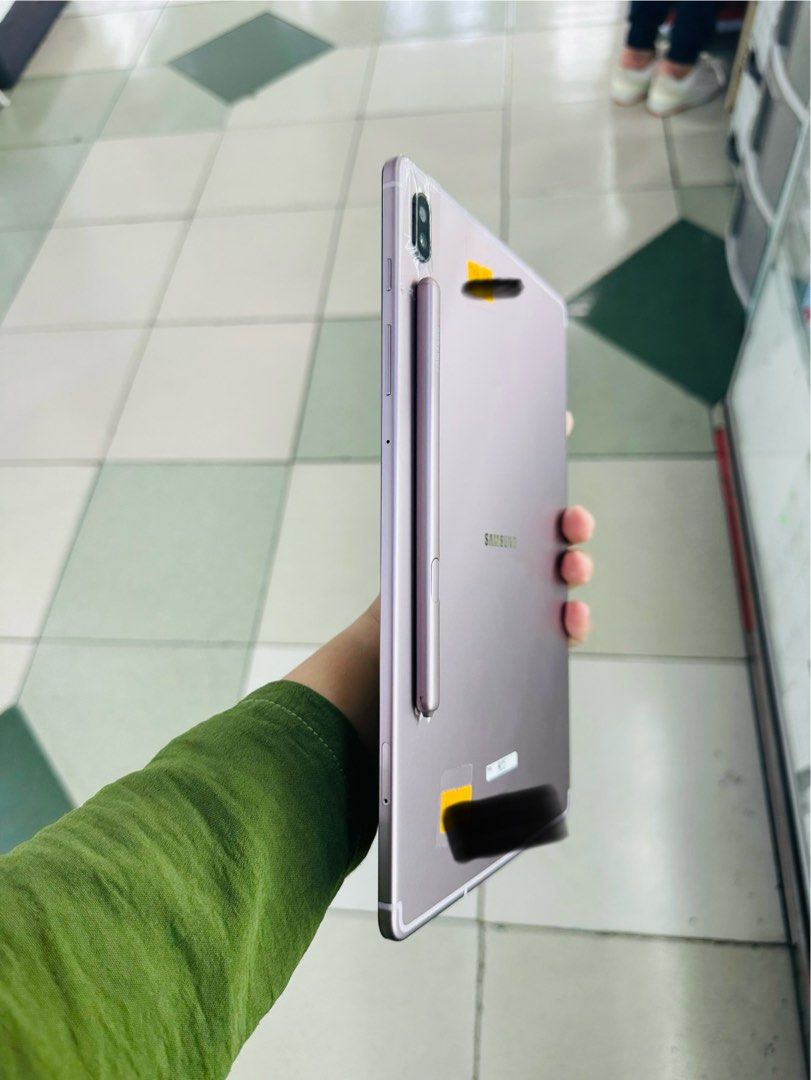 Samsung Tab S6 128gb LTE W/ Spen (Category: Android) located in San Juan City. Submitted by javedsgadgetshop (Listing ID 1321042037, Image 3). Description: OPEN FOR INSTALLMENT VIA CREDIT CARD/GGIVES/SPAY/BILLEASE & SWAP/TRADE-IN! WE BUY AND SELL ( ANYKINDS OF UNIT BINIBILI PO NAMIN)! PTPA : Padelete po f bawal Quick Specs : Samsung Tab S6 Lite (Spen) •128gb •NTC Variant •Good batt health •Factory Unlock •95% Smoothness •No hidden issue | No Repa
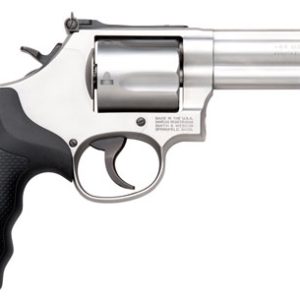 S&W 69 44MAG 4.25" ADJ - 5-SHOT STAINLESS RUBBER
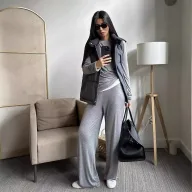Womens Casual Three Piece Set Loose Long Cardigan with Cami and Mini Skirt Versatile for Spring and Summer Wholesale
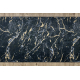 Runner anti-slip LOTUS GALACTIC 9523 Marble black / gold WASHABLE 120cm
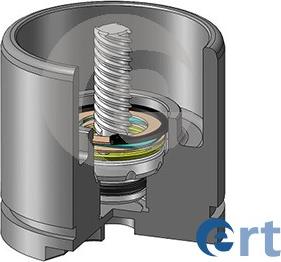 ERT 150751LK - Поршень, корпус скобы тормоза avtokuzovplus.com.ua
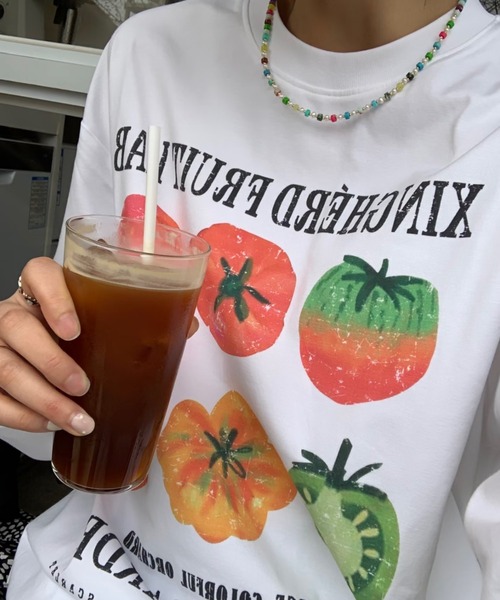 Sibra（シブラ）の「【-5kg】レトロポップグラフィックロンT（Tシャツ/カットソー・レディース・ホワイト/ホワイト系その他・M）」の12枚目の写真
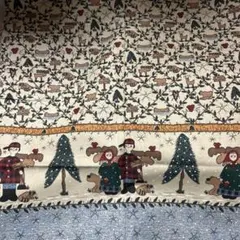 usaコットン 全幅×1メートル位 クリスマス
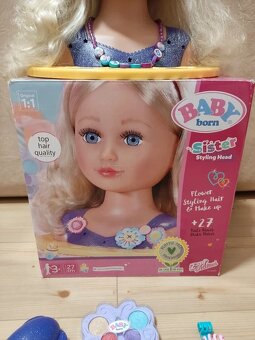 česací hlava zn.Baby Born...50,- balíkovna - 3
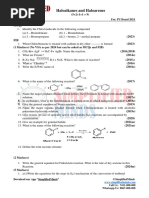 Haloalkanes and Haloarenes 2ndPUC PYQs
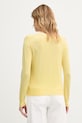 Îmbrăcăminte Lacoste pulover de bumbac AF3964 galben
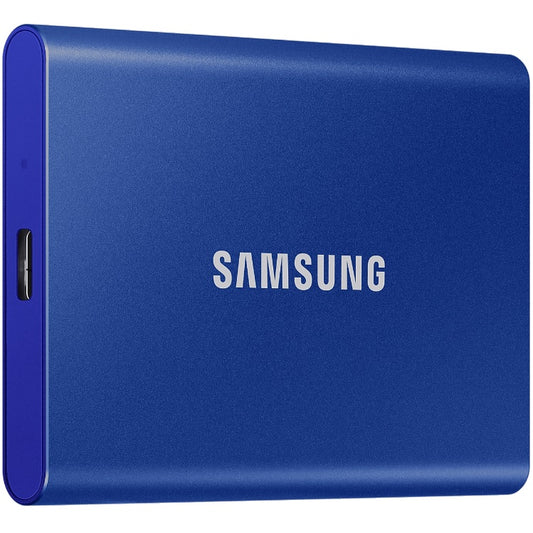 Samsung Portable T7 1TB Blue Solid State Drive (MU-PC1T0H/WW) image 2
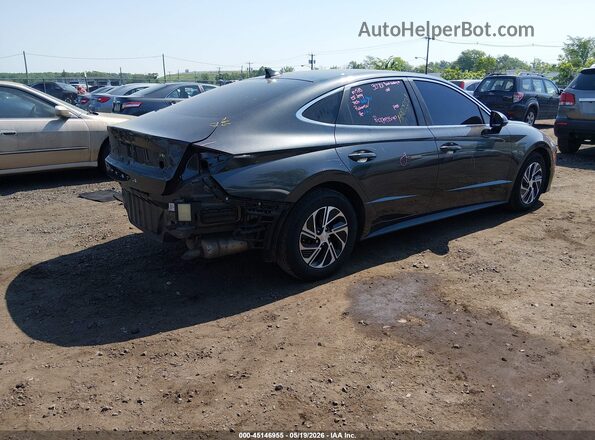 KMHL24JJ2LA009752 2020 HYUNDAI SONATA HYBRID Black Հետևի աջ
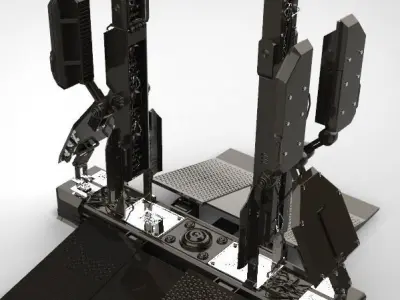 sci fi - Phase gate 3D model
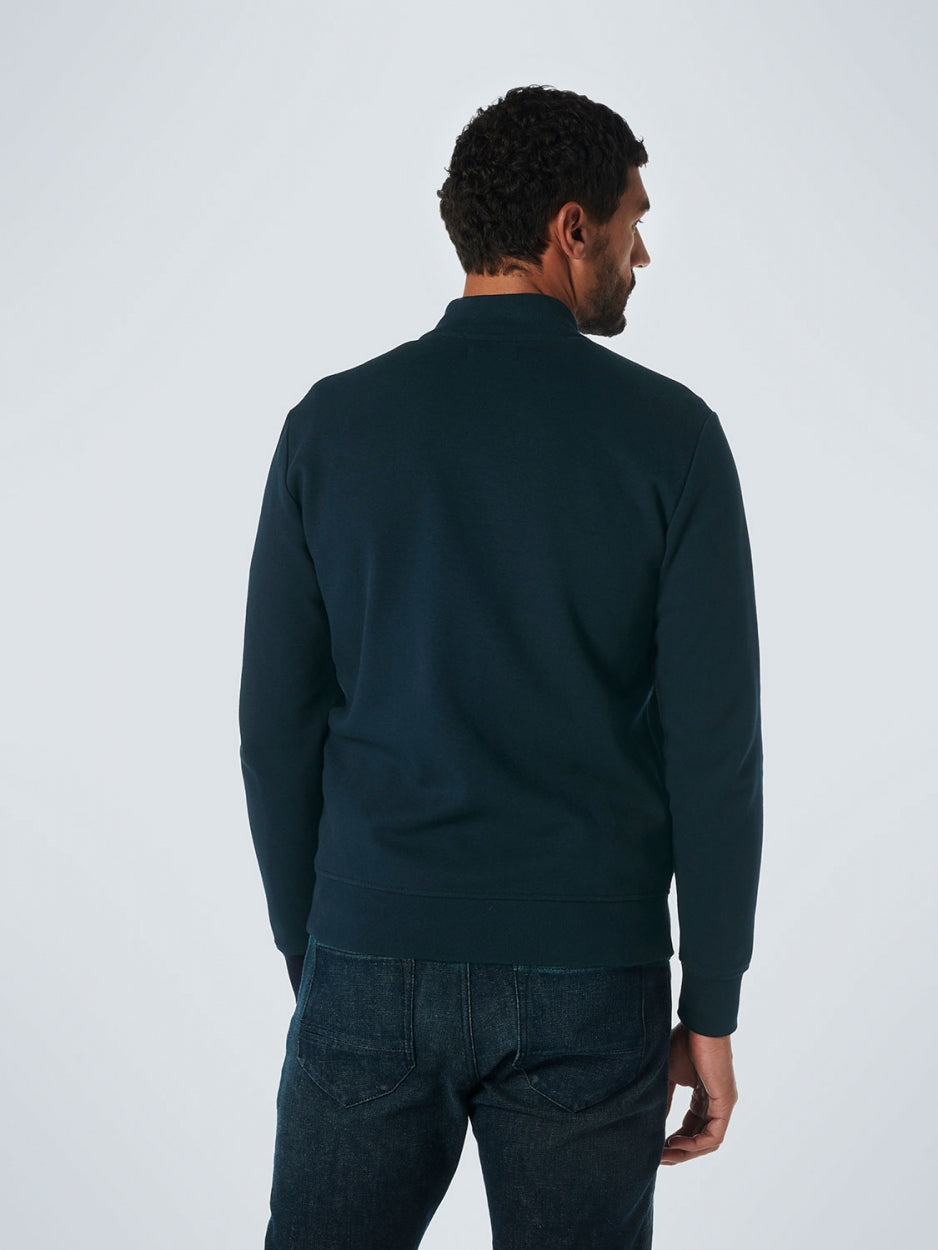 Sweater Full Zipper Twill Jacquard | Night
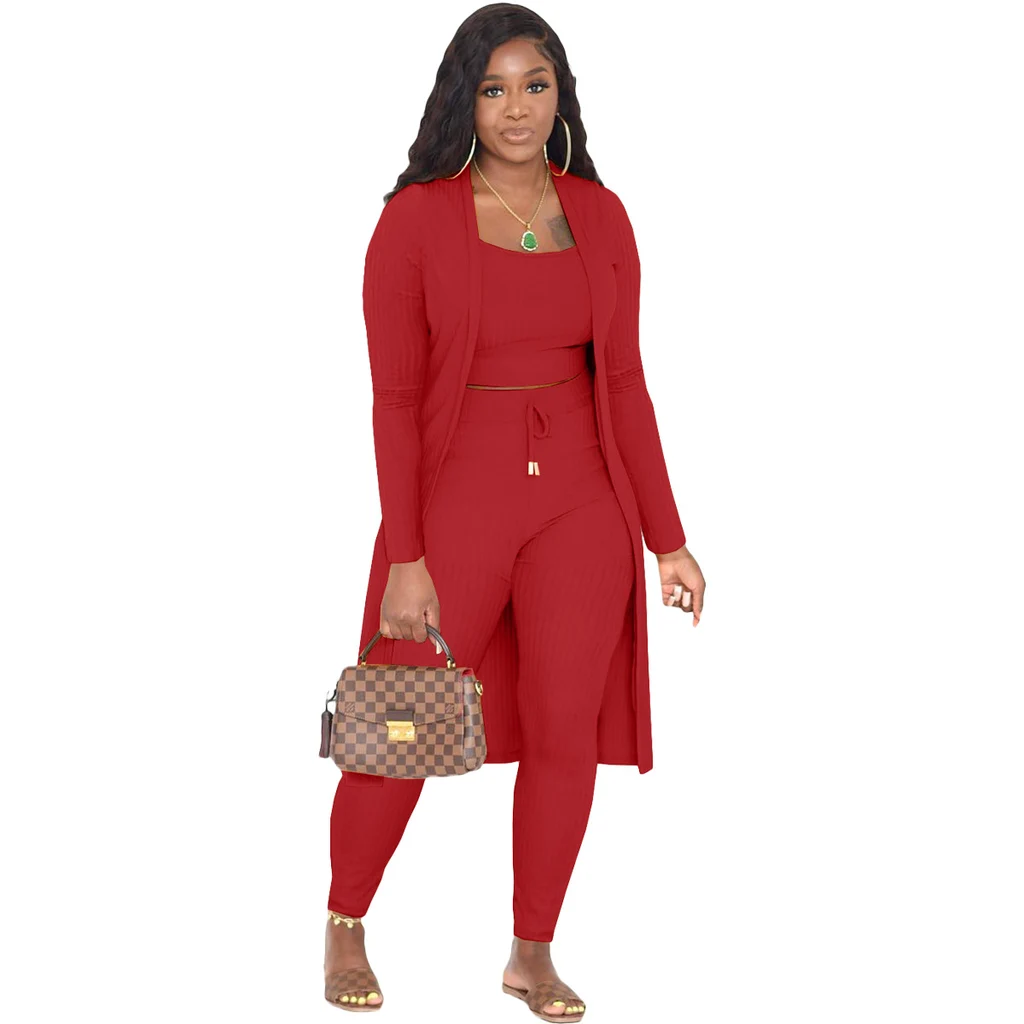 Suspenders Vest Inverness Casual Temperament Commute Suit - Jr370411 Red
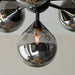 Endon 101148 Oscar 6lt Semi flush Black chrome plate & smoked mirror glass 6 x 3W LED G9 (Required) - westbasedirect.com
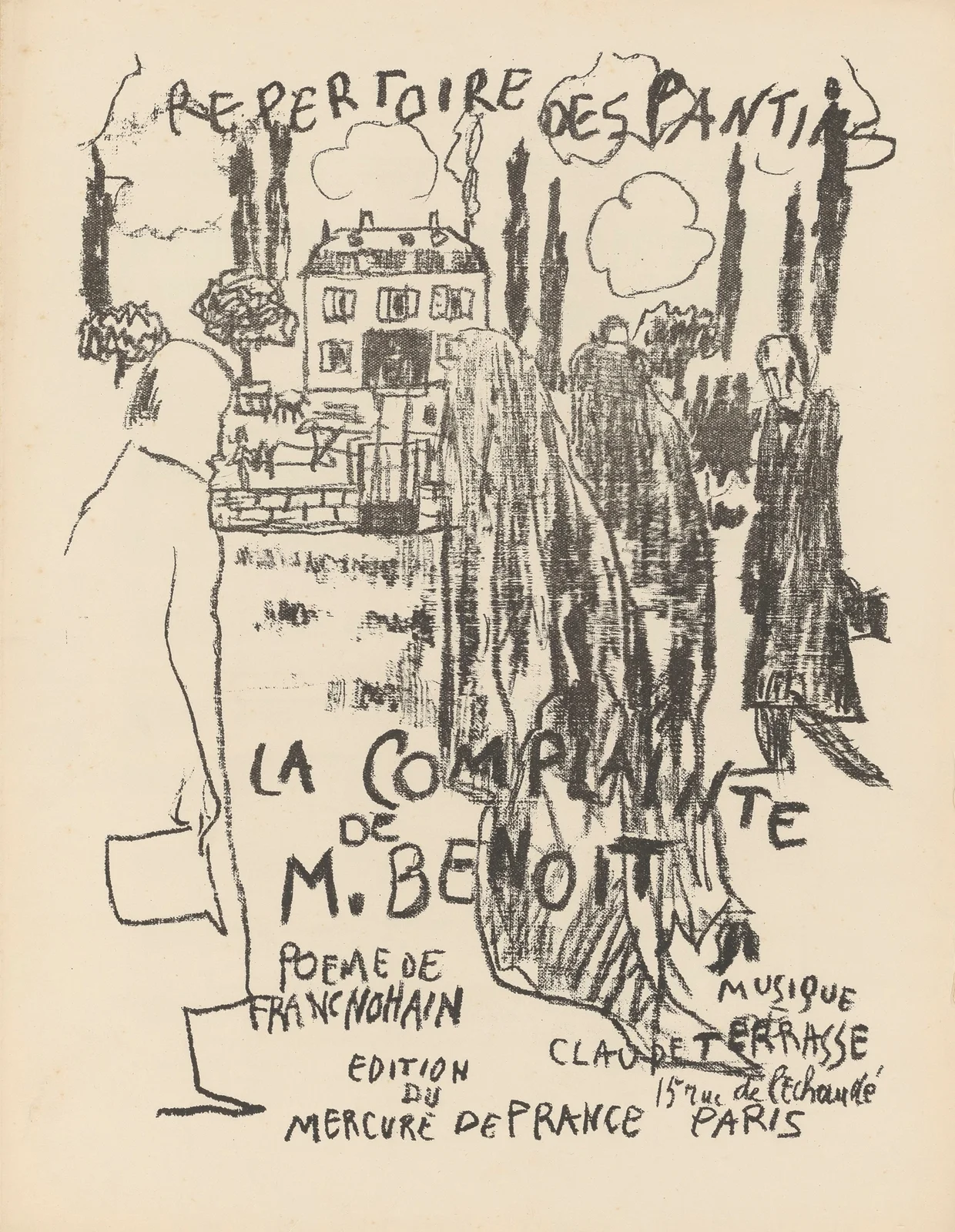 La complainte de M. Benoît av Pierre Bonnard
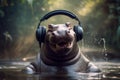 Hippo headphones. Generate Ai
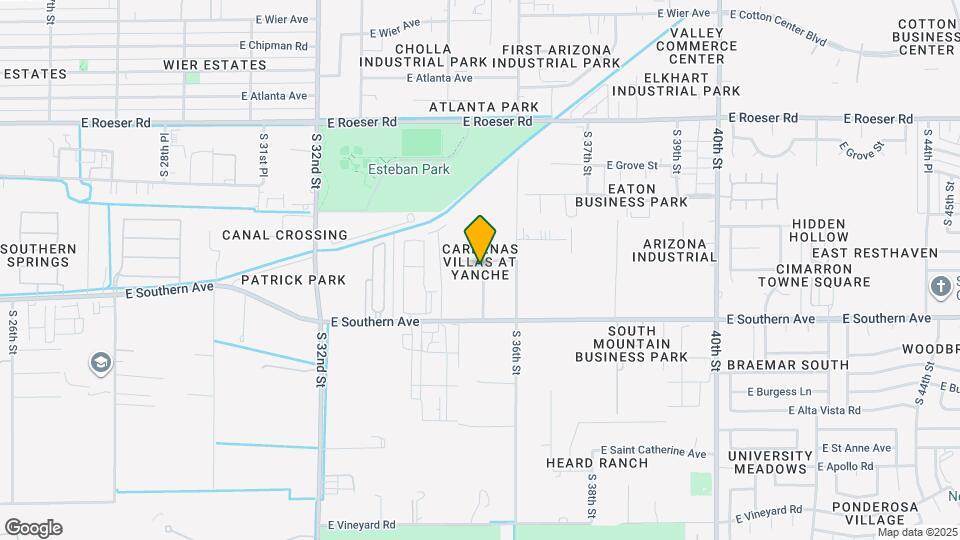 5728 S 35th Pl Map and Location Details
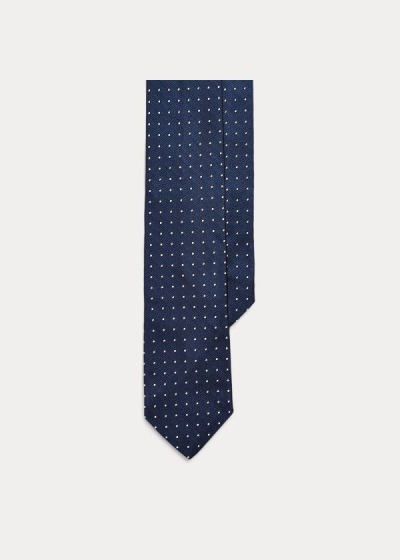 Men's Polo Ralph Lauren Dot Silk Repp Narrow Ties | 153072BNY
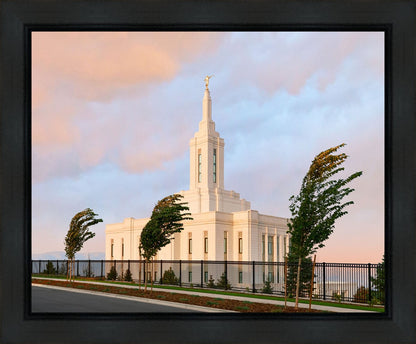 Pocatello Morning Sunrise Gallery Wrap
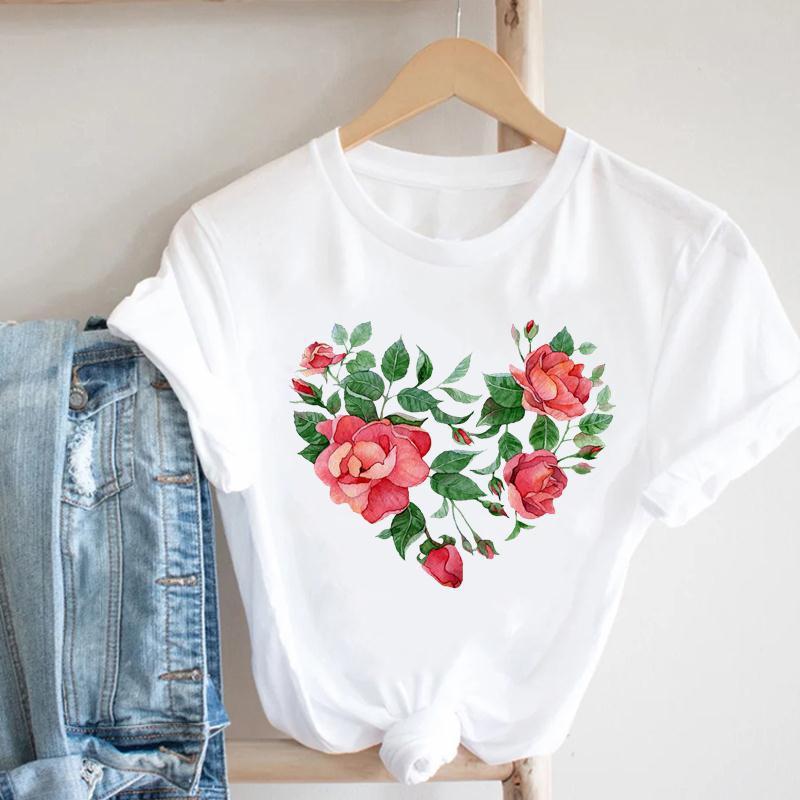 Унисекс принт одежда женская с коротким рукавом повседневная 90-е мультфильм модная одежда футболка топ футболка FeУнисекс графическая футболка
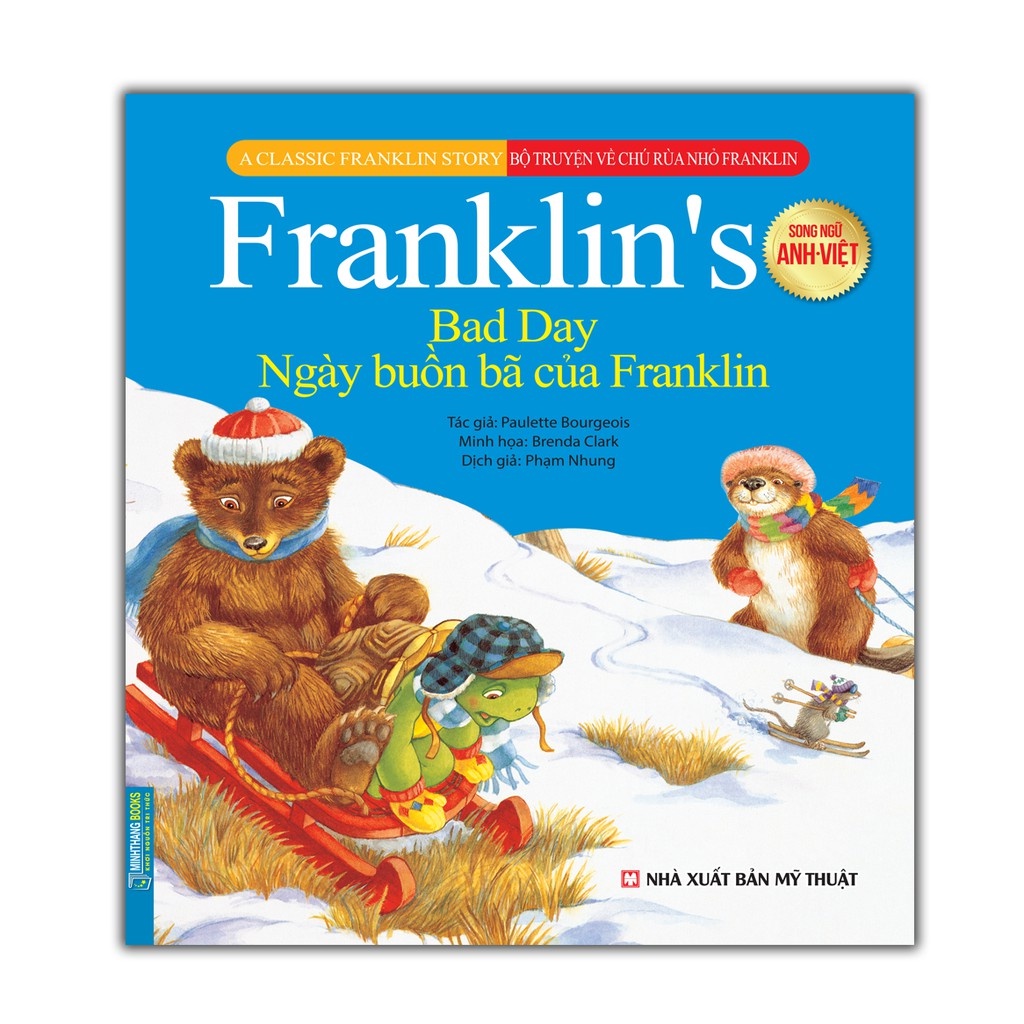 Sách-Combo 2c Bộ truyện về chú rùa nhỏ Franklin - Franklin tập xe đạp và Ngày buồn bã của Franklin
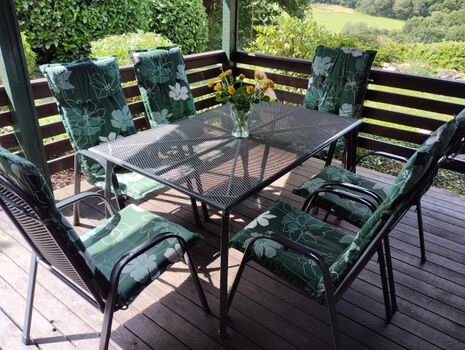 Herrliche  Ausblicke direkt von der Terrasse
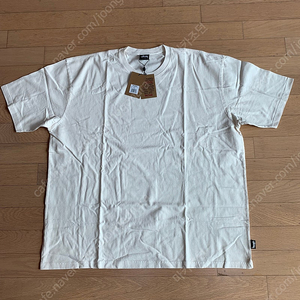 [XXL] stussy 스투시 헤비웨이트 피그먼트 다이드 반팔 티셔츠 내츄럴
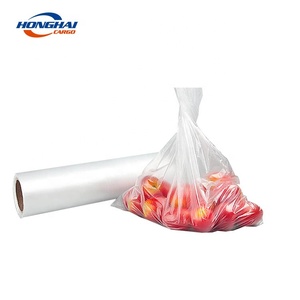 Factory Wholesale Price Customized Clear PE Plastic Produce Bag Roll Great for Food <b>Storage</b> Flat <b>Open</b> Poly Bags - Product Image 1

════════

• The problem:
Your copy should hold only the lines above from the one containing "Runner anti-slip LOTUS" through the one containing "Haloalkanes and Haloarenes 2ndPUC PYQs", exactly as written and free of pictures.

• Solution for this exercise:
 Runner anti-slip LOTUS GALACTIC 9523 Marble black / gold WASHABLE 120cm
 ERT 150751LK - Поршень, корпус скобы тормоза avtokuzovplus.com.ua
 Sibra（シブラ）の「【-5kg】レトロポップグラフィックロンT（Tシャツ/カットソー・レディース・ホワイト/ホワイト系その他・M）」の12枚目の写真
 usaコットン 全幅×1メートル位 クリスマス
 česací hlava zn.Baby Born...50,- balíkovna - 3
 Haloalkanes and Haloarenes 2ndPUC PYQs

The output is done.